哲学入門(65) 三木清

 さて右に述べたように徳と技術とが結び付いているとすれば、徳と知との結合はおのずから明瞭であろう。すべての技術は知識を基礎としている。行為が技術的である限り、行為における発展は知識における発展によって可能にされる。徳と知とを分離的に考えることは、行為を技術的・形成的行為として根本的に把握しないところから生ずるのである。ここに技術というのは、もとより単に自然に対する技術をのみ意味しない。むしろすでにいった如く、社会に対する技術が今日極めて重要な問題となっている。とりわけ政治はアリストテレスが考えたようにアルヒテクトニッシュな意味をもっている。即ちそれはあらゆる技術の目的となるような技術、他の技術に対して総企画的にその位置と関係を示す指導的な技術である。アリストテレスにおいて政治学と倫理学とは一つのものであった。人間は本性上「社会的動物」であるとすれば、政治学と倫理学とは離れたものであることができぬ。アリストテレスにとって政治の目的は、いかにして「善い国民」であることと「善い人間」であることとを統一するかということであった。人間は「善い国民」の意味において社会にどこまでも内在的である。従って仮に自己の属する社会が悪いとしても、その社会において与えられた役割を果し、その社会に仕えることが彼の義務であるといわれるであろう。しかしながら人間は同時に「善い人間」の意味においてその社会を超えたものである。自己の自発的な行為によって自己がその中にいる社会を善くしてゆくことが人間の義務であるといわねばならぬであろう。
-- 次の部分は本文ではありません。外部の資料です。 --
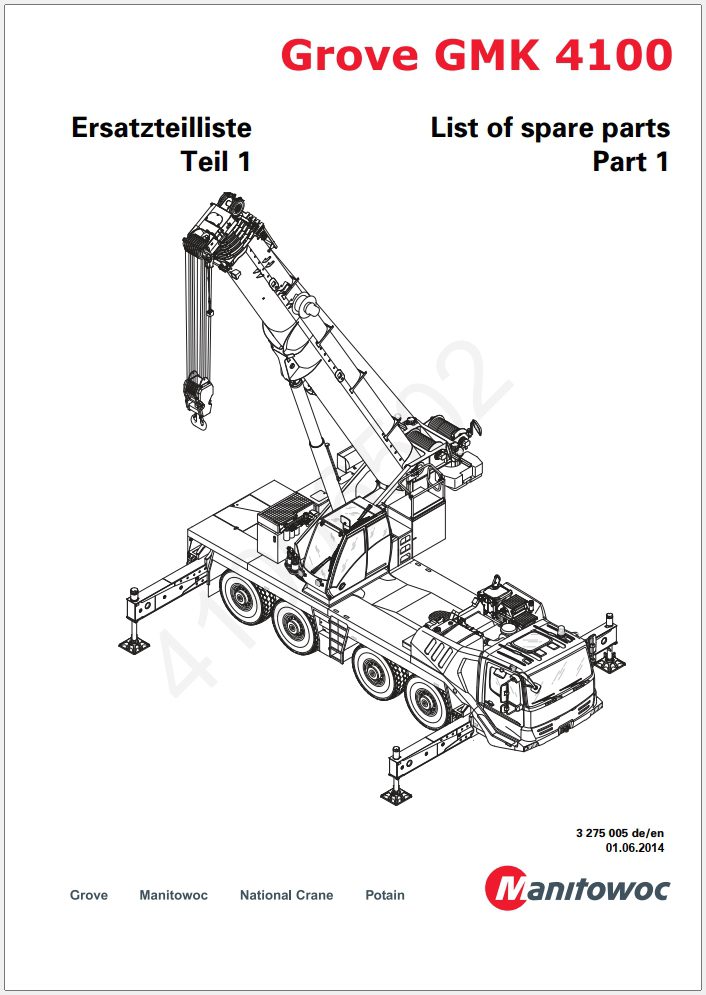 Grove GMK4100 Crane Parts Manual, Hydraulic Schematic, Wiring Diagram (1)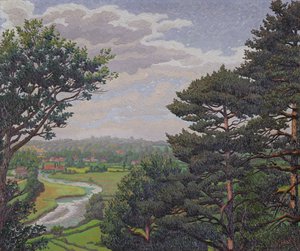 O rio Avon, perto de Salisbury (óleo sobre tela) de Charles Ginner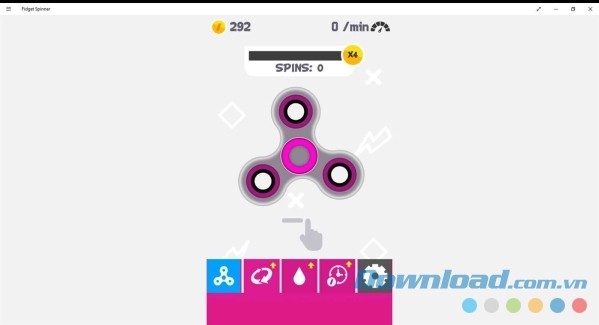 Chạm để điều khiển con quay trong Fidget Spinner UWP xoay được nhiều vòng nhất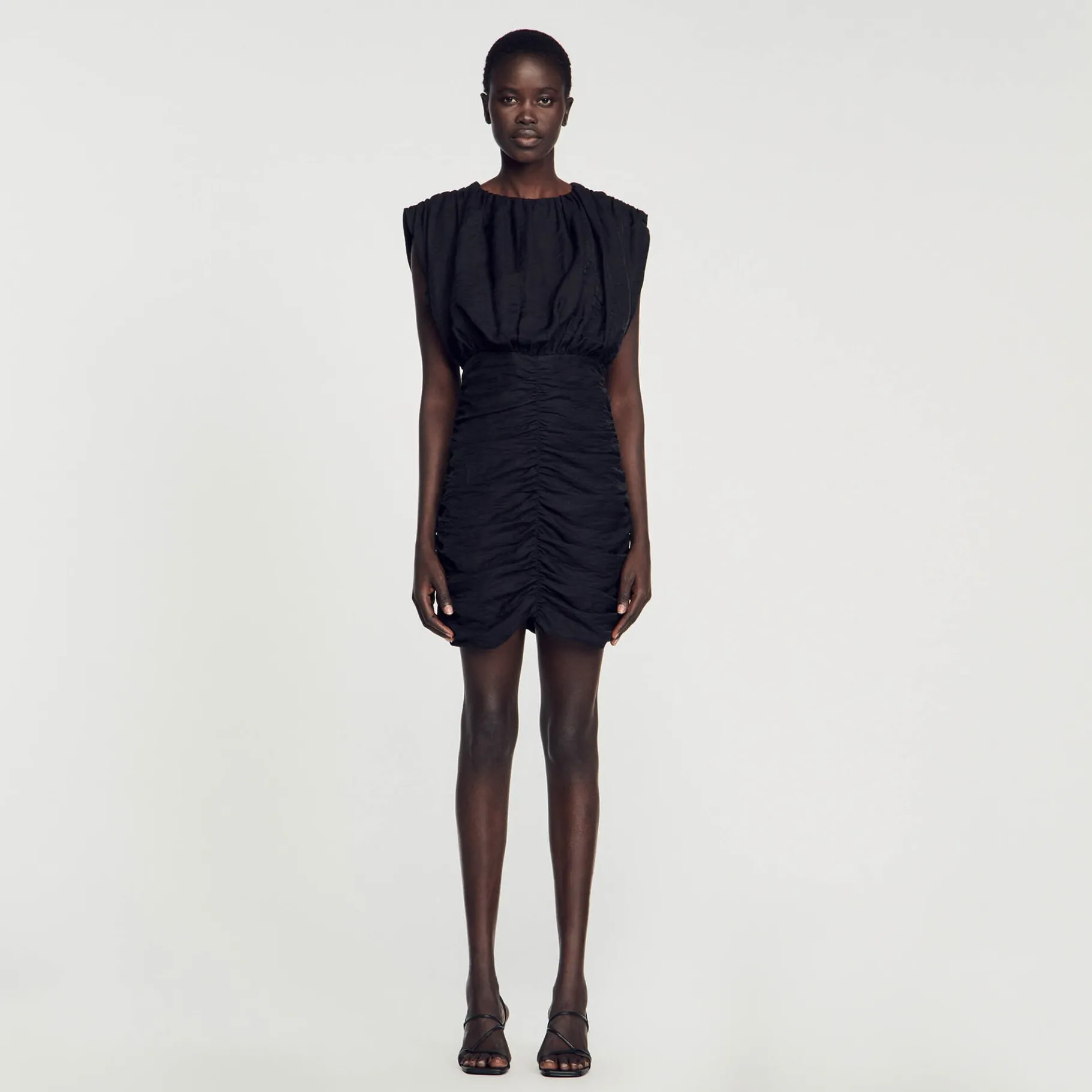 Store SANDRO Robe Courte Drapée Noir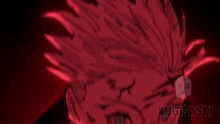 a close up of a person 's face with the name kugasaki on the bottom right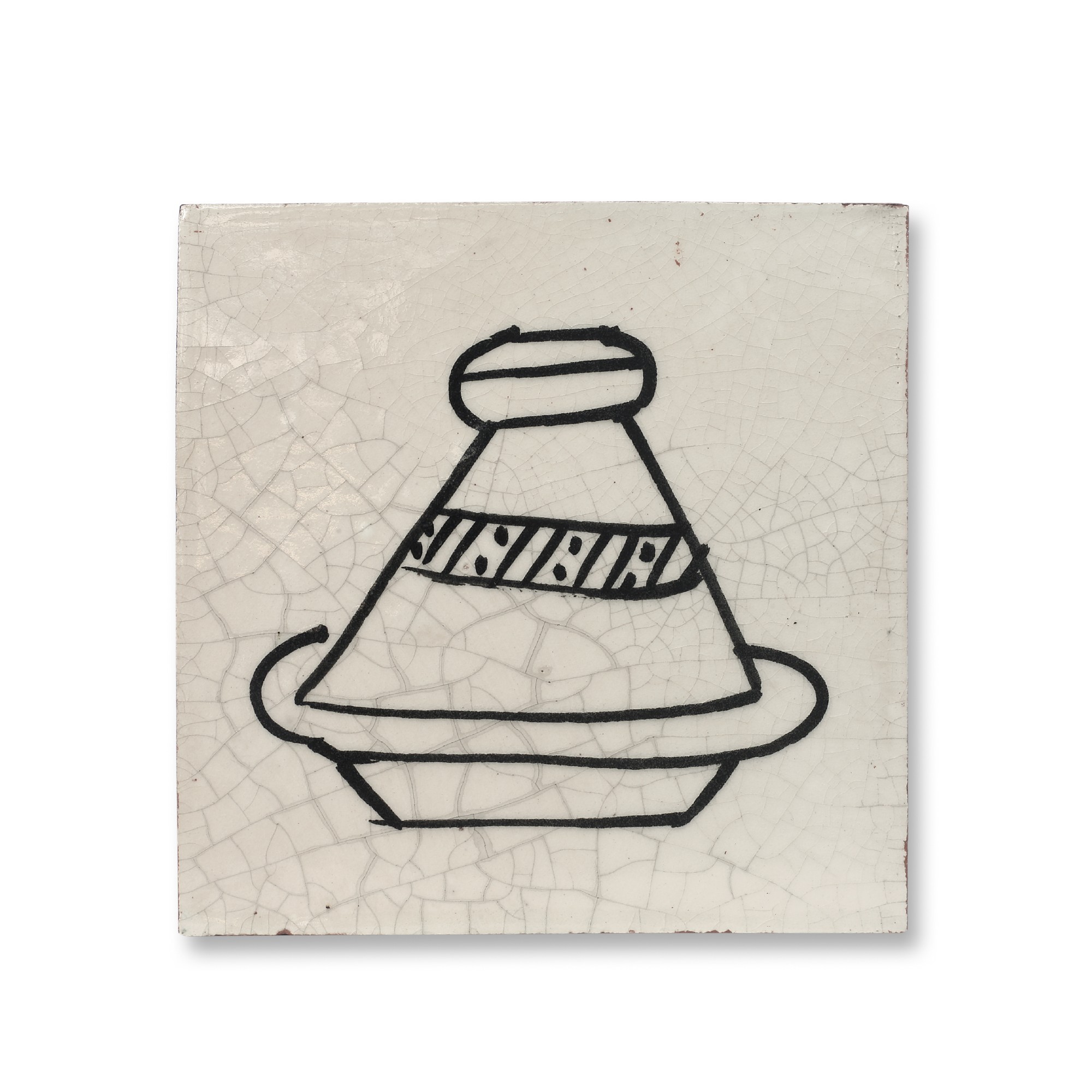 Kachel 'Tajine' craquelé, schwarz, weiß, T 10 cm, B 10 cm, H 1 cm von fischer's lagerhaus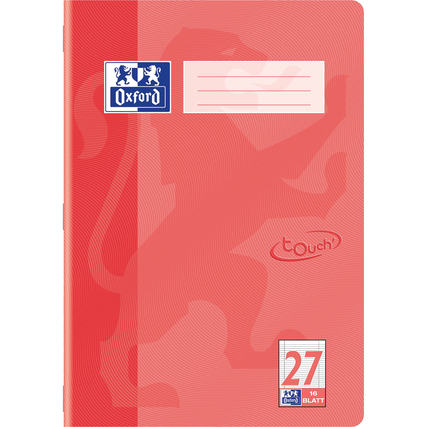Oxford Schulheft Touch DIN A4 liniert mit Rand innen/außen 27 16 Bl.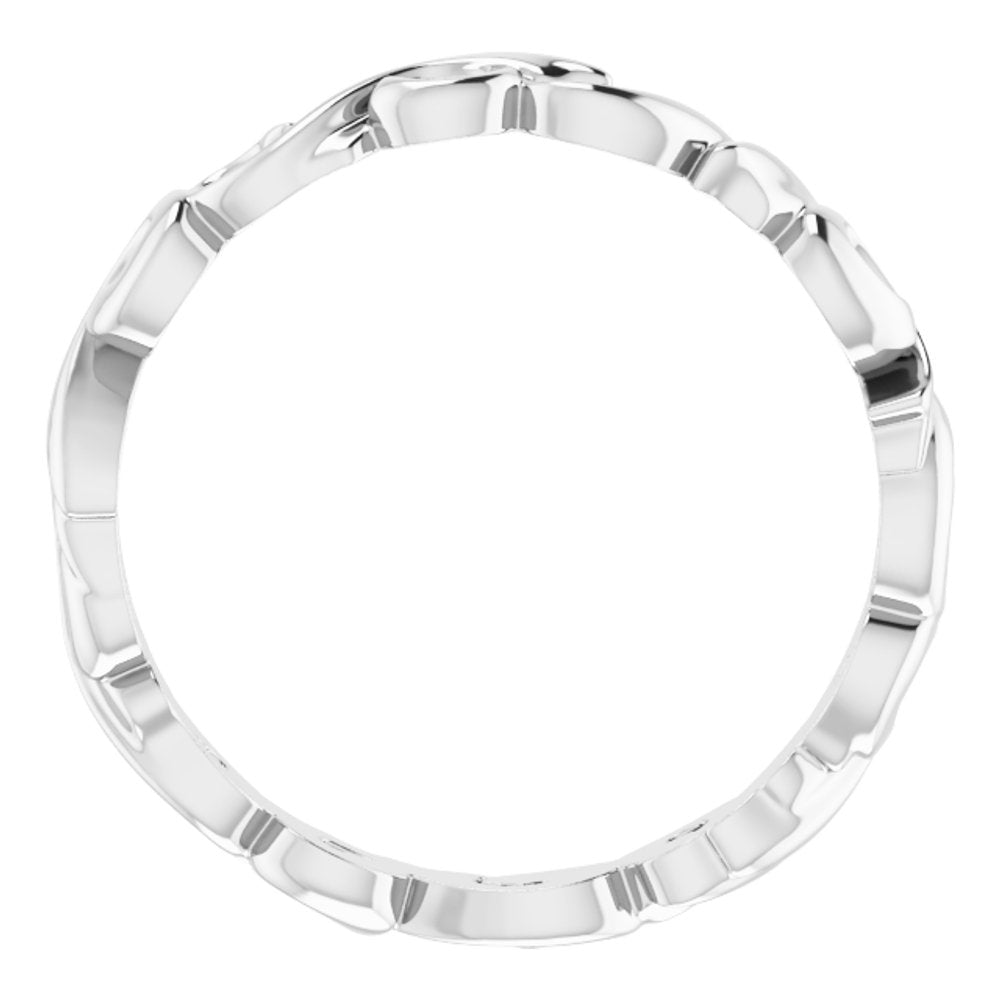 14K White Gold 3 mm Sculptural Band Size 7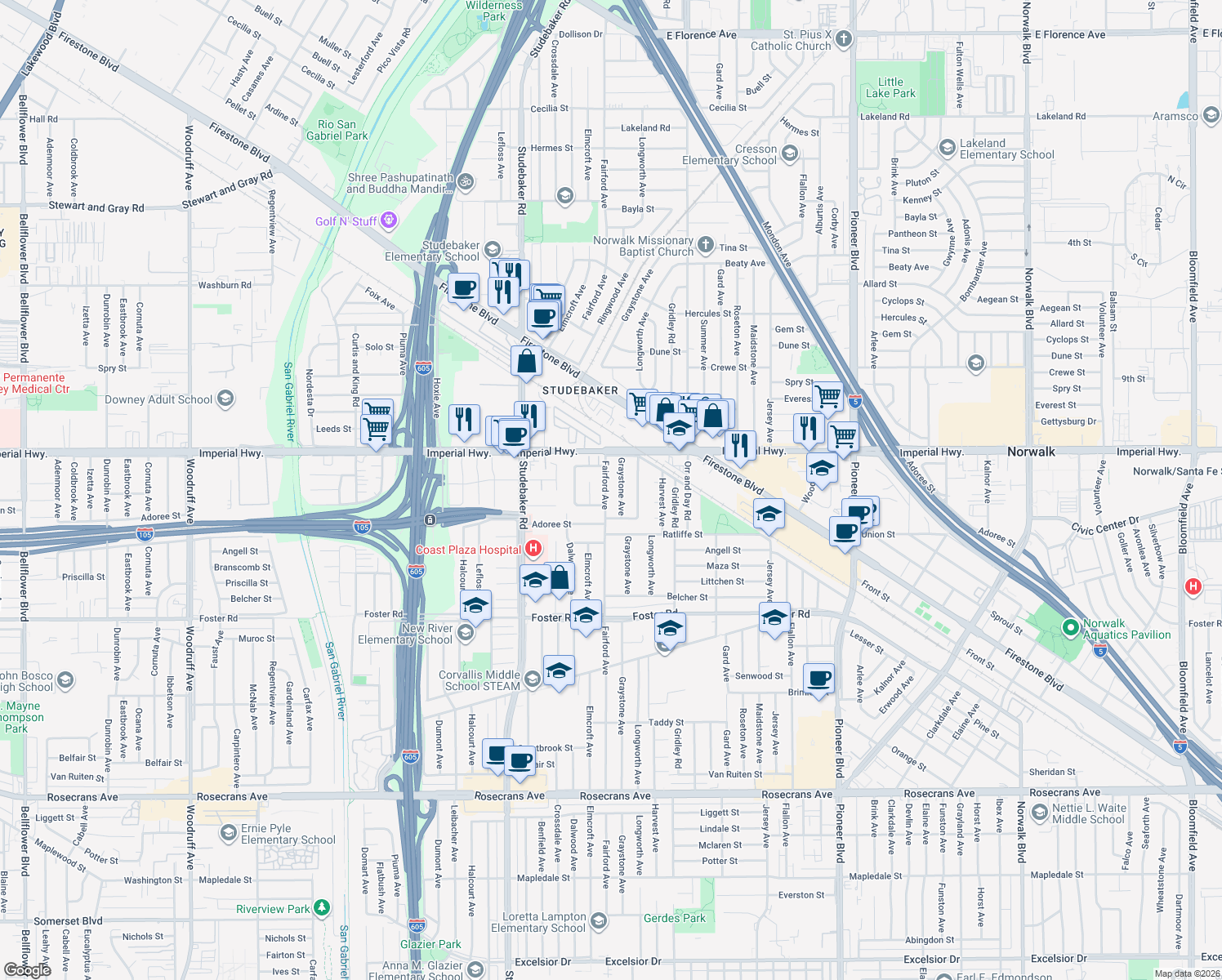 map of restaurants, bars, coffee shops, grocery stores, and more near 12716 Fairford Avenue in Norwalk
我々は社会から作られたものであると共に社会は我々が作るものである。人間は閉じた社会に属すると同時に開いた社会に属している。かように矛盾があるところから形成的発展ということがあるのである。善い国民であることと善い人間であることとが統一されてゆくに従って、民族は世界的意味をもってくる。それによって同時に世界は世界的になってゆく。世界が世界的になるということが歴史の目的である。世界は開いたものとして到る処中心を有する円の如く表象されるように、世界が世界的になるということは無数の独立なものが独立なものでありながら一つに結び付いてゆくということである。それによって個別的なものがなくなるのではない。却って「形の多様性」は自然の、歴史的自然の意志である。